> **What you have to do**
Please repeat exactly the lines from the one containing "Used 2022 Ford" through the last line of the records, both included, and nothing else, leaving out any pictures.

Captioned web images

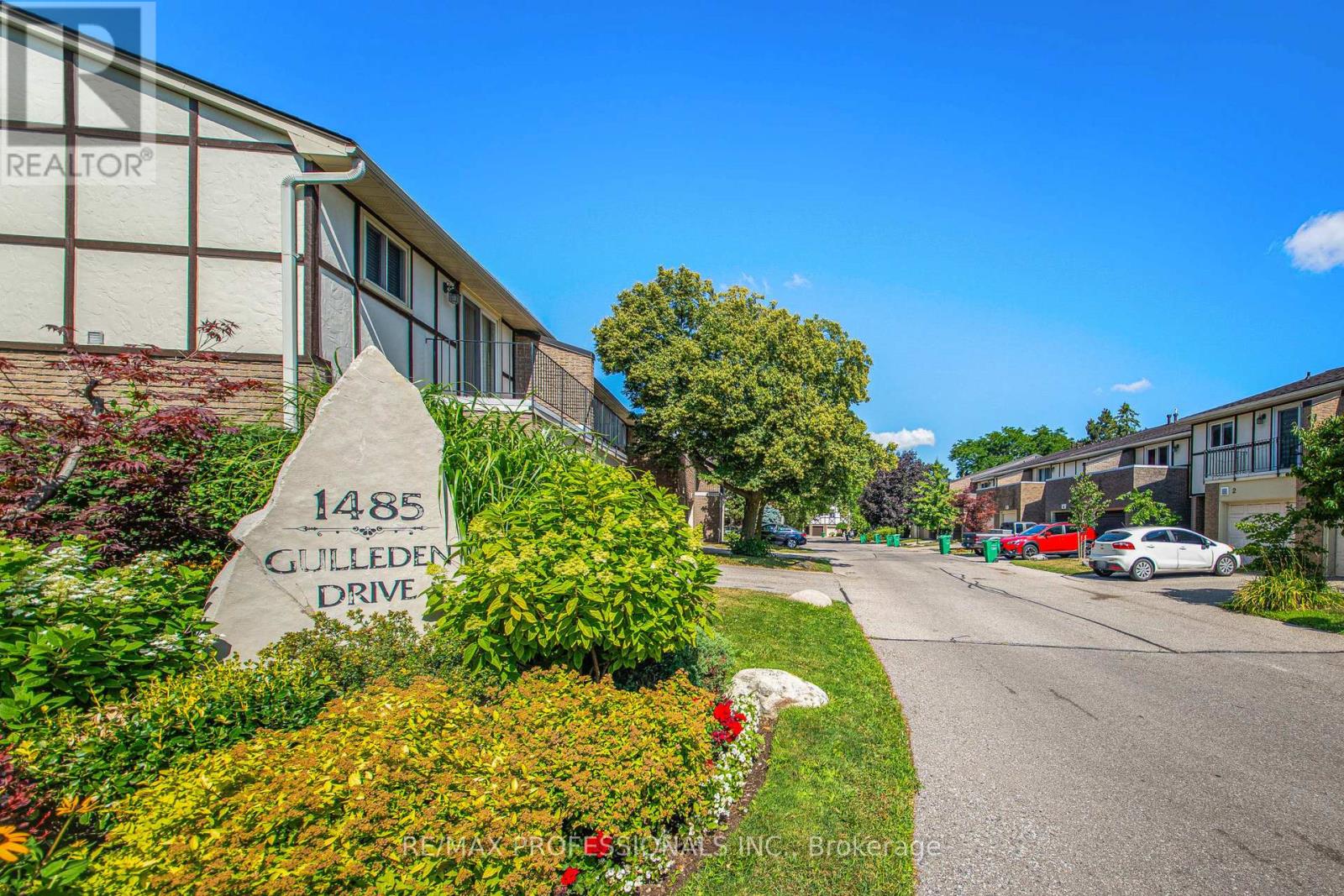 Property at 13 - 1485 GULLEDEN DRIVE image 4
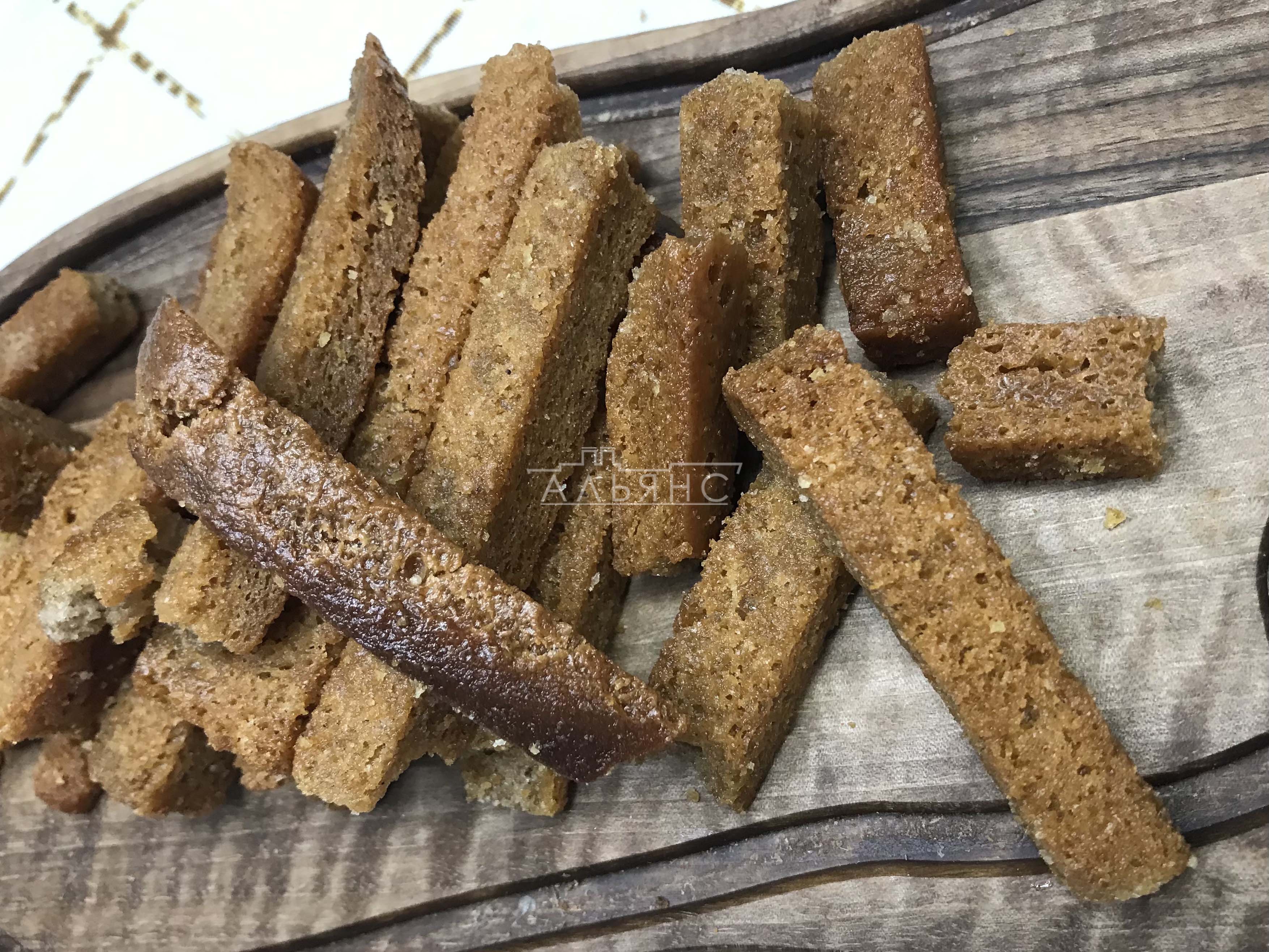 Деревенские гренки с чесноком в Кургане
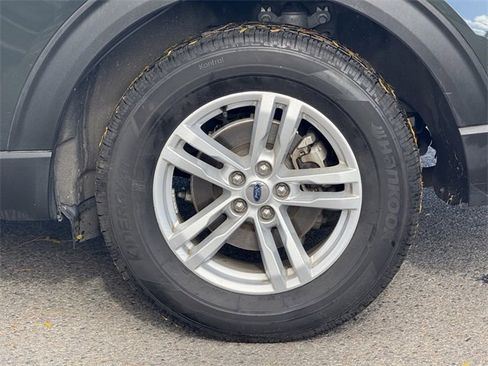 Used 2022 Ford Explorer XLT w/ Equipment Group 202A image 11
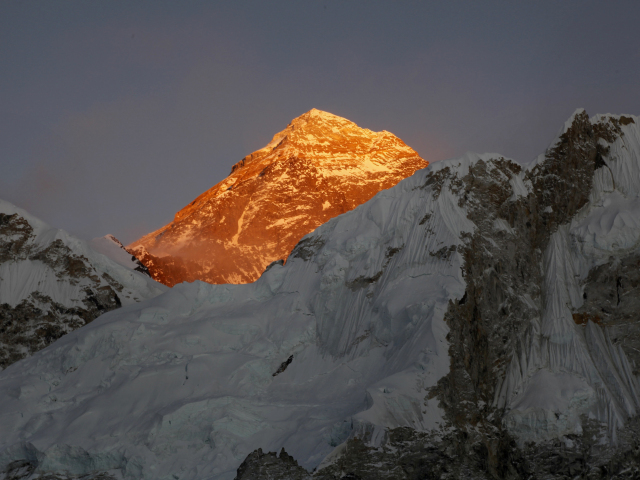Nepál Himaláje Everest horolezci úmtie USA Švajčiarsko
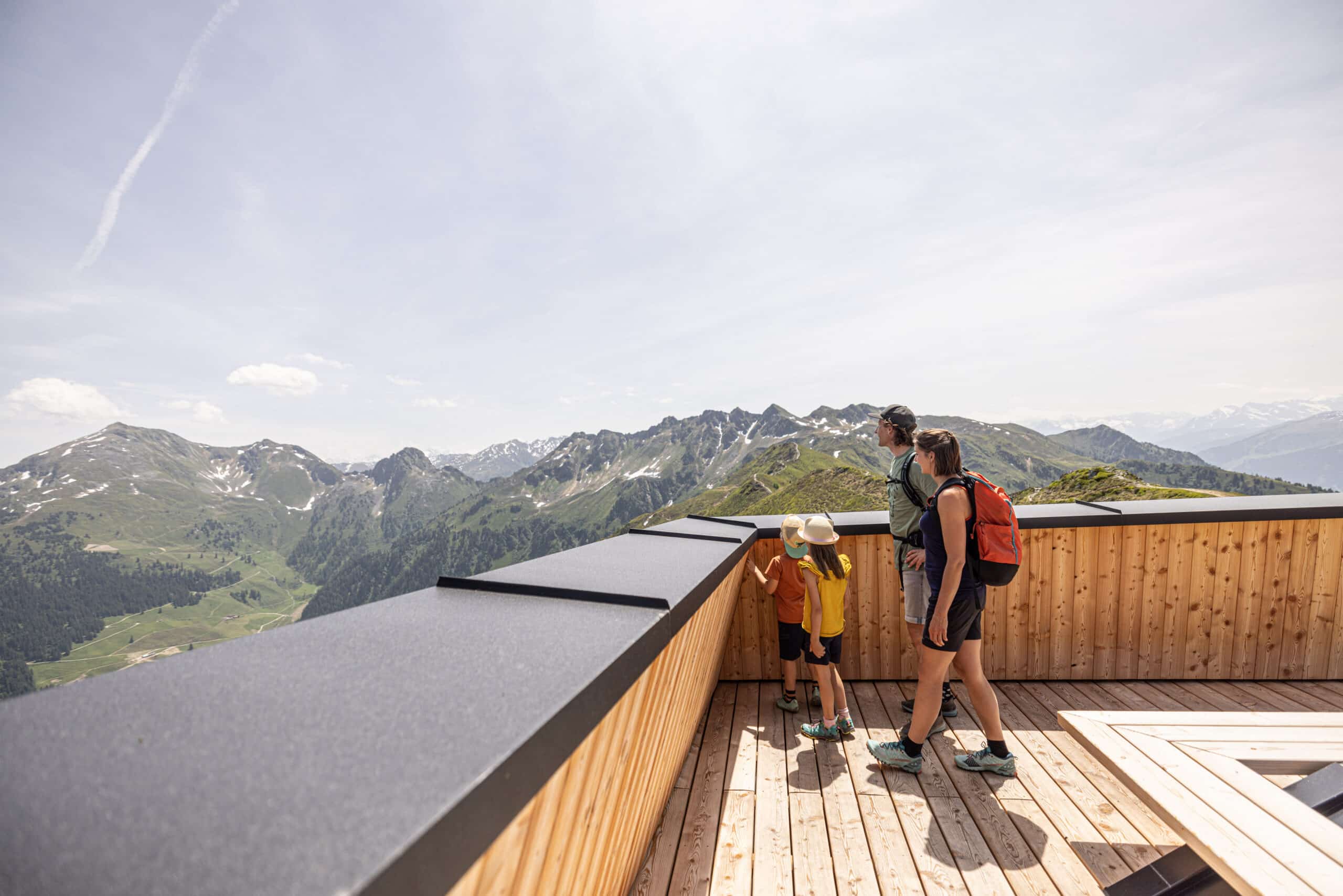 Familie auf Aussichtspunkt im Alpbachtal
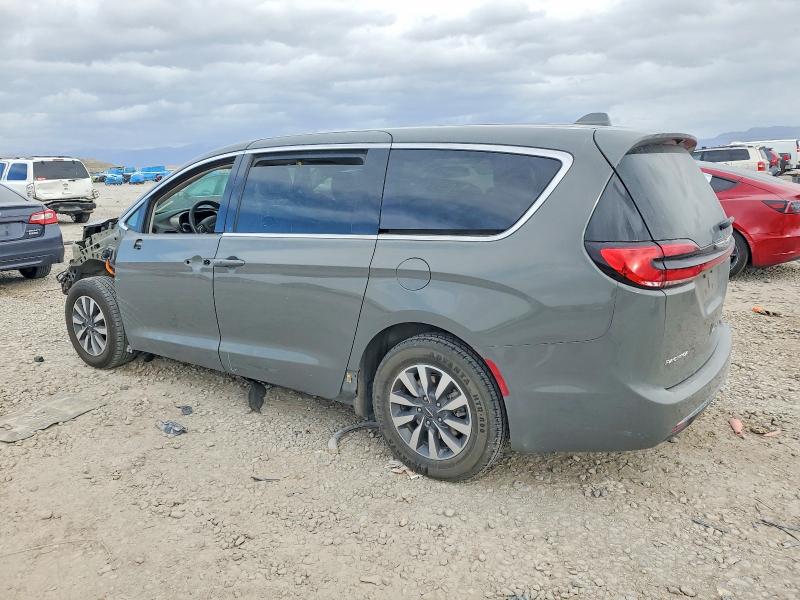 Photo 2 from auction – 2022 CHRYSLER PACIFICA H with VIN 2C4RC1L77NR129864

> **Answer space**
 Used 2022 Ford Explorer XLT w/ Equipment Group 202A image 11
Nepál Himaláje Everest horolezci úmtie USA Švajčiarsko
 Familie auf Aussichtspunkt im Alpbachtal
 Photo 2 from auction – 2022 CHRYSLER PACIFICA H with VIN 2C4RC1L77NR129864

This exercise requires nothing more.